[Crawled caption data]
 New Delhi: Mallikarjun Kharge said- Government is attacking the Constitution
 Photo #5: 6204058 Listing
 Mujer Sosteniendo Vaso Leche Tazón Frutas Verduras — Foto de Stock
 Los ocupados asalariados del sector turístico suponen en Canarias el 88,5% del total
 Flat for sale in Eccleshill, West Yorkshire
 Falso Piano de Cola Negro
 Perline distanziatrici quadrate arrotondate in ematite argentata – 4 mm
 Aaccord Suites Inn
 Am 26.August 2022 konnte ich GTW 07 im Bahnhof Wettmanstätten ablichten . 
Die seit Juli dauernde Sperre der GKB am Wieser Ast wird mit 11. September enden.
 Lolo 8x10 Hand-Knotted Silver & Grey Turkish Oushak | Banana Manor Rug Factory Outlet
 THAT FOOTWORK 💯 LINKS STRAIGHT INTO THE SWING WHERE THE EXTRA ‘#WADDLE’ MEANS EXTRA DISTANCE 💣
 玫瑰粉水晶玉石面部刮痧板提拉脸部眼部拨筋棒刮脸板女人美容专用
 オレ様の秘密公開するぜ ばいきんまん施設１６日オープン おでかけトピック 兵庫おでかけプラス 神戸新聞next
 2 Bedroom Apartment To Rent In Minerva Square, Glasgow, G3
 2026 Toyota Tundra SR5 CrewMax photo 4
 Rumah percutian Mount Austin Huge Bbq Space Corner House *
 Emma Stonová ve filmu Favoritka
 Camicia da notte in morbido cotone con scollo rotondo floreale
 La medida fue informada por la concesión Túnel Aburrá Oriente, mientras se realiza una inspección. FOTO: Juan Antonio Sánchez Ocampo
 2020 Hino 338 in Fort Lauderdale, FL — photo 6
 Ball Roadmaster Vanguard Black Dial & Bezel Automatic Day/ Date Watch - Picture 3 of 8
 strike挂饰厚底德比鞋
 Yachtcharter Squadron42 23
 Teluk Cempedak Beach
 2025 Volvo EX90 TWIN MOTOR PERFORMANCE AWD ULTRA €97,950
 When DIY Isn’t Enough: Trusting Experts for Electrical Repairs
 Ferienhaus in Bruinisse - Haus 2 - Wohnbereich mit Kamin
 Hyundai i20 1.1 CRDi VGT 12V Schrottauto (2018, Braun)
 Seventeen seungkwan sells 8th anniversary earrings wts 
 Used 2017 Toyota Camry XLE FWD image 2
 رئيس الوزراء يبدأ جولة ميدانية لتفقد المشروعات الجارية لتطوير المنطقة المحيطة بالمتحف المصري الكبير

What you will do: Each line from the one containing "strike挂饰厚底德比鞋" to the last line above must be returned exactly, and no line outside that range.

Response to this exercise:
 strike挂饰厚底德比鞋
 Yachtcharter Squadron42 23
 Teluk Cempedak Beach
 2025 Volvo EX90 TWIN MOTOR PERFORMANCE AWD ULTRA €97,950
 When DIY Isn’t Enough: Trusting Experts for Electrical Repairs
 Ferienhaus in Bruinisse - Haus 2 - Wohnbereich mit Kamin
 Hyundai i20 1.1 CRDi VGT 12V Schrottauto (2018, Braun)
 Seventeen seungkwan sells 8th anniversary earrings wts 
 Used 2017 Toyota Camry XLE FWD image 2
 رئيس الوزراء يبدأ جولة ميدانية لتفقد المشروعات الجارية لتطوير المنطقة المحيطة بالمتحف المصري الكبير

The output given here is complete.